La nuit tombe, littéralement. En 15 minutes, le soleil est avalé par l’horizon. Un quart d’heure pendant lequel les passants ralentissent le pas sur la corniche de Beyrouth. Les couples s’accoudent aux rambardes devant ce décors de cartes postales: « Raouché », « le rocher aux pigeons », ses falaises posées sur la mer, ses pigeons, son coucher de soleil. Le jour finit donc dans l’attente, une courte accalmie avant la nuit. Ici, derrière les barrières, au pied des escaliers de fortune, presque au bord de la mer, Soad et Abbas sont venus chercher la fraîcheur, loin de leur quartier chiite, envahi de poussière brassée par les pelleteuses des chantiers de reconstruction. Les enfants jouent avec la « maid », la bonne, une Bangladaise qui ne parlent pas plus anglais qu’arabe. Abbas est charpentier, Soad est infirmière. Ils sont chiites, ont trente ans, et ils appartiennent à cette nouvelle classe moyenne chiite. « Et vous aimez le Liban ? », lance Soad. La conversation s’engage sans autre préambule. « Moi, je ne l’aime pas, s’empresse-t-elle de répondre avec un sourire amer. Ici, on ne nous aime pas, nous les chiites. Et les communautés ne s’aiment pas entre elles. » Drôle d’introduction à ce pays connu pour ses divisions en 18 communautés religieuses, et qui lui ont valu une guerre civile.

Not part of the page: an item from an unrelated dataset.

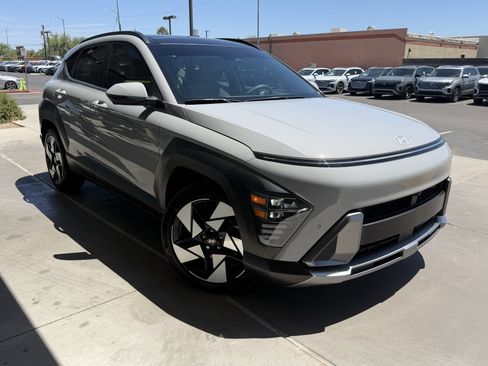 Used 2024 Hyundai Kona Limited FWD image 6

Aujourd’hui, 20 ans après les accords de paix, le pays reste marqué par ses clivages entre confessions. Des sunnites aux alaouites, des chrétiens aux chiites, en passant par les druzes ou les arméniens, Beyrouth offre à chacune de ses communautés leur territoire. Beyrouth, comme ses plages, ses écoles ou le pouvoir politique, tout se partage entre les communautés au Liban. Un équilibre qui maintient la trêve. Pourtant, on aimerait croire que la société libanaise soit soluble dans la nuit.

Début de soirée sur la Corniche

Partie de backgammon au Chatila Bros. ©Juliette Robert/Youpress

Au restaurant « Chatila Bros », un peu plus haut sur la corniche, on ne pose plus la question sans risquer de se faire rabrouer : « C’est mal poli, vous savez ? » Ah ? « Demander aux gens leur confession, c’est une question du temps de la guerre », répond le Dr Salman Fayçal, 61 ans, sans quitter des yeux la partie de Backgammon qui se joue sur sa table. « Ceux qui posent cette question n’aiment pas la vie, c’est une question politique et ici, on ne parle pas politique. » Le docteur chiite retrouve ses amis après la journée de travail, pour une partie dans ce restaurant au bord de l’eau. Une vieille habitude qui remonte à avant la guerre. Car même pendant la guerre civile de 1975 à 1990, l’endroit n’a pas fermé.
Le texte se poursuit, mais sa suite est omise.